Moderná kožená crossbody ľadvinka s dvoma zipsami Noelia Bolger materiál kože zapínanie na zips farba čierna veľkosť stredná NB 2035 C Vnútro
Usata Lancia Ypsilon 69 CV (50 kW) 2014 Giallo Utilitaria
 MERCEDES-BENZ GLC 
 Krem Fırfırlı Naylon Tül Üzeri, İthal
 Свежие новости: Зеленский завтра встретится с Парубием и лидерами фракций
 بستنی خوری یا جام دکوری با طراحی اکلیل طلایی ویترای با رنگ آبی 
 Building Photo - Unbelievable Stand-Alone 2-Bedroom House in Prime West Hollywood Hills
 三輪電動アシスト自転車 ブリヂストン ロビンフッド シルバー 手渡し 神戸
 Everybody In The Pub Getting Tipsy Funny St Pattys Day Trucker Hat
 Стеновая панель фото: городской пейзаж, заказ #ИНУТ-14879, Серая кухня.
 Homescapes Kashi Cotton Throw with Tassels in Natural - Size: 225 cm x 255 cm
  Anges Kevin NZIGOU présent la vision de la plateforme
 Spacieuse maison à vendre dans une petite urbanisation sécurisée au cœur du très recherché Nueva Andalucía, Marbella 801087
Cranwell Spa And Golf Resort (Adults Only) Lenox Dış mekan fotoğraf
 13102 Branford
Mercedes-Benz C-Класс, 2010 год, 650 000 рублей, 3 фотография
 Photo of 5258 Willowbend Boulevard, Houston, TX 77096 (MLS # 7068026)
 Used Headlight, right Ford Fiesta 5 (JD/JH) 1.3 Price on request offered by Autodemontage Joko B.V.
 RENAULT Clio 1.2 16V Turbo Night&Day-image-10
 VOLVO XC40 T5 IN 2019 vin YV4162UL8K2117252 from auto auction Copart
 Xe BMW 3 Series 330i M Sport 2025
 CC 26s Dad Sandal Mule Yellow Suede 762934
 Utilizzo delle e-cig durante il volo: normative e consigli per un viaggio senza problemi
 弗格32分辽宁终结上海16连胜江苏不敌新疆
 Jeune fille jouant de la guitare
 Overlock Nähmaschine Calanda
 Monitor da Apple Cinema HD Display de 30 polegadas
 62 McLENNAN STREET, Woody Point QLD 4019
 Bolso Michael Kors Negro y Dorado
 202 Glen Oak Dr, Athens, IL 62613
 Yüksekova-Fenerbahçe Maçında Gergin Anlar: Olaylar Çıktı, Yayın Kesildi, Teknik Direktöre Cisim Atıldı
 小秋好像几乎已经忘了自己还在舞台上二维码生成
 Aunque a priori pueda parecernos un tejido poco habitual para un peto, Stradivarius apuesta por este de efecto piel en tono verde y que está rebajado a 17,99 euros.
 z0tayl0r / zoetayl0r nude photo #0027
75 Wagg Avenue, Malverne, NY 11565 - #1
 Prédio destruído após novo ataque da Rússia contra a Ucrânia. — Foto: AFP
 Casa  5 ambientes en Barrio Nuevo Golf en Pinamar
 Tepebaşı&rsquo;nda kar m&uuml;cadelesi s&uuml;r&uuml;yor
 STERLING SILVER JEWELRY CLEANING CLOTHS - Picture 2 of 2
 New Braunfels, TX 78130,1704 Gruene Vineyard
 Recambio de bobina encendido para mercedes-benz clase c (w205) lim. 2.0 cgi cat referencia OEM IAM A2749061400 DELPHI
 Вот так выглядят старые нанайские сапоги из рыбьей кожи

### WHAT THIS TASK INVOLVES
All of the material should appear again, reproduced word for word.

### ANSWER TO THIS EXERCISE
Moderná kožená crossbody ľadvinka s dvoma zipsami Noelia Bolger materiál kože zapínanie na zips farba čierna veľkosť stredná NB 2035 C Vnútro
Usata Lancia Ypsilon 69 CV (50 kW) 2014 Giallo Utilitaria
 MERCEDES-BENZ GLC 
 Krem Fırfırlı Naylon Tül Üzeri, İthal
 Свежие новости: Зеленский завтра встретится с Парубием и лидерами фракций
 بستنی خوری یا جام دکوری با طراحی اکلیل طلایی ویترای با رنگ آبی 
 Building Photo - Unbelievable Stand-Alone 2-Bedroom House in Prime West Hollywood Hills
 三輪電動アシスト自転車 ブリヂストン ロビンフッド シルバー 手渡し 神戸
 Everybody In The Pub Getting Tipsy Funny St Pattys Day Trucker Hat
 Стеновая панель фото: городской пейзаж, заказ #ИНУТ-14879, Серая кухня.
 Homescapes Kashi Cotton Throw with Tassels in Natural - Size: 225 cm x 255 cm
  Anges Kevin NZIGOU présent la vision de la plateforme
 Spacieuse maison à vendre dans une petite urbanisation sécurisée au cœur du très recherché Nueva Andalucía, Marbella 801087
Cranwell Spa And Golf Resort (Adults Only) Lenox Dış mekan fotoğraf
 13102 Branford
Mercedes-Benz C-Класс, 2010 год, 650 000 рублей, 3 фотография
 Photo of 5258 Willowbend Boulevard, Houston, TX 77096 (MLS # 7068026)
 Used Headlight, right Ford Fiesta 5 (JD/JH) 1.3 Price on request offered by Autodemontage Joko B.V.
 RENAULT Clio 1.2 16V Turbo Night&Day-image-10
 VOLVO XC40 T5 IN 2019 vin YV4162UL8K2117252 from auto auction Copart
 Xe BMW 3 Series 330i M Sport 2025
 CC 26s Dad Sandal Mule Yellow Suede 762934
 Utilizzo delle e-cig durante il volo: normative e consigli per un viaggio senza problemi
 弗格32分辽宁终结上海16连胜江苏不敌新疆
 Jeune fille jouant de la guitare
 Overlock Nähmaschine Calanda
 Monitor da Apple Cinema HD Display de 30 polegadas
 62 McLENNAN STREET, Woody Point QLD 4019
 Bolso Michael Kors Negro y Dorado
 202 Glen Oak Dr, Athens, IL 62613
 Yüksekova-Fenerbahçe Maçında Gergin Anlar: Olaylar Çıktı, Yayın Kesildi, Teknik Direktöre Cisim Atıldı
 小秋好像几乎已经忘了自己还在舞台上二维码生成
 Aunque a priori pueda parecernos un tejido poco habitual para un peto, Stradivarius apuesta por este de efecto piel en tono verde y que está rebajado a 17,99 euros.
 z0tayl0r / zoetayl0r nude photo #0027
75 Wagg Avenue, Malverne, NY 11565 - #1
 Prédio destruído após novo ataque da Rússia contra a Ucrânia. — Foto: AFP
 Casa  5 ambientes en Barrio Nuevo Golf en Pinamar
 Tepebaşı&rsquo;nda kar m&uuml;cadelesi s&uuml;r&uuml;yor
 STERLING SILVER JEWELRY CLEANING CLOTHS - Picture 2 of 2
 New Braunfels, TX 78130,1704 Gruene Vineyard
 Recambio de bobina encendido para mercedes-benz clase c (w205) lim. 2.0 cgi cat referencia OEM IAM A2749061400 DELPHI
 Вот так выглядят старые нанайские сапоги из рыбьей кожи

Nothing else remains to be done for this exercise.